Task requirements.
The reply should hold only the lines from the one with "合同 大雪乃蔵 15度" to the one with "Mueble zapatero madera", both ends kept, exactly as they appear below, without any pictures.

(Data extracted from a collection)
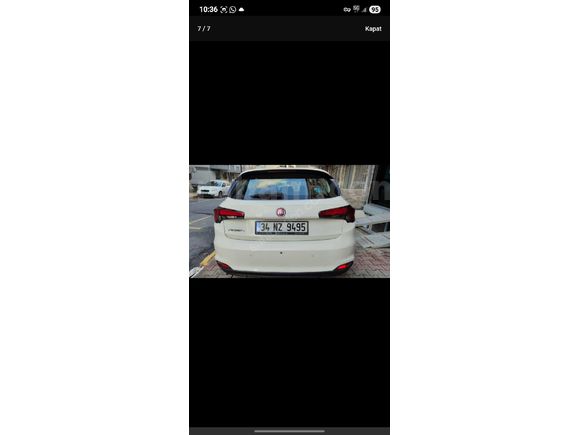 Sahibinden Fiat Egea 1.6 E-Torq Urban Plus 2017 Model Kayseri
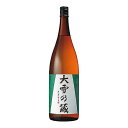 合同 大雪乃蔵 15度 [瓶] 1.8L 1800ml × 6本[ケース販売][合同酒精 オノエン 清酒(上撰酒) 日本 141200]【ギフト不可】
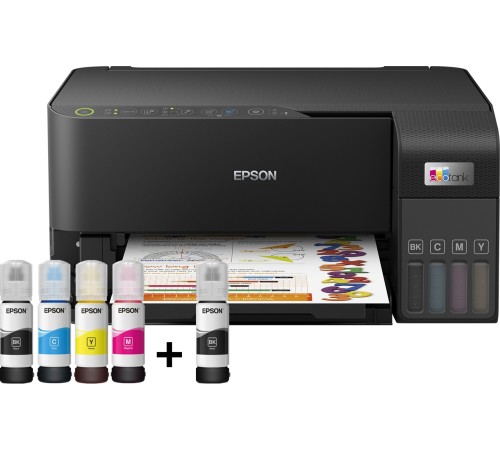 МФУ струйный Epson L3550 (C11CK59405) A4 WiFi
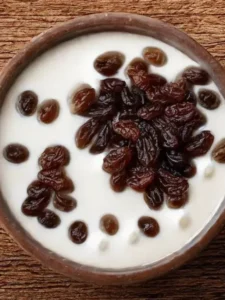 Milk and Raisin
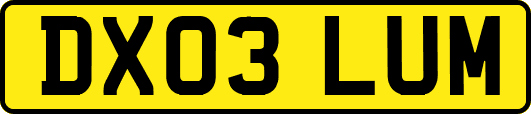 DX03LUM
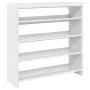 Mueble zapatero madera contrachapada blanco 80x25x81 cm von , Schuhregale und Schuhorganisatoren - Ref: Foro24-859905, Preis:...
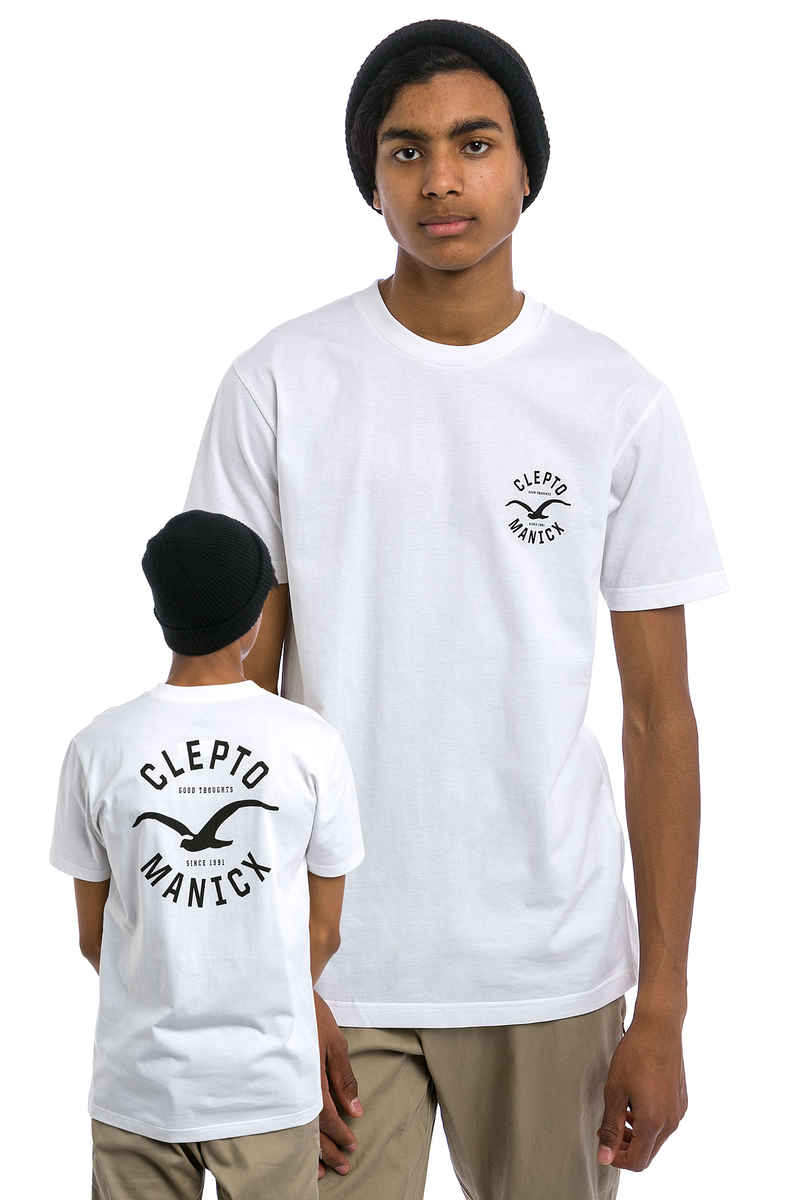 Cleptomanicx Game Camiseta (white)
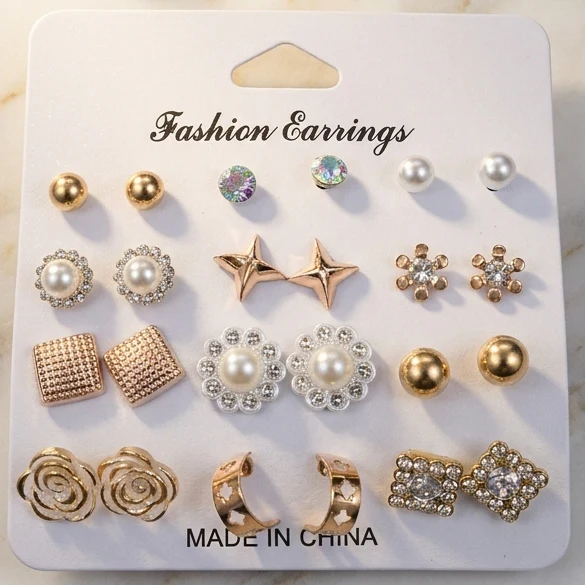 Combo Earrings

Completed exercise.
 合同 大雪乃蔵 15度 [瓶] 1.8L 1800ml × 6本[ケース販売][合同酒精 オノエン 清酒(上撰酒) 日本 141200]【ギフト不可】
 МФУ струйный Epson L3550 (C11CK59405) A4 WiFi
 Milk and Raisin
 DX03LUM
 Mueble zapatero madera contrachapada blanco 80x25x81 cm von , Schuhregale und Schuhorganisatoren - Ref: Foro24-859905, Preis:...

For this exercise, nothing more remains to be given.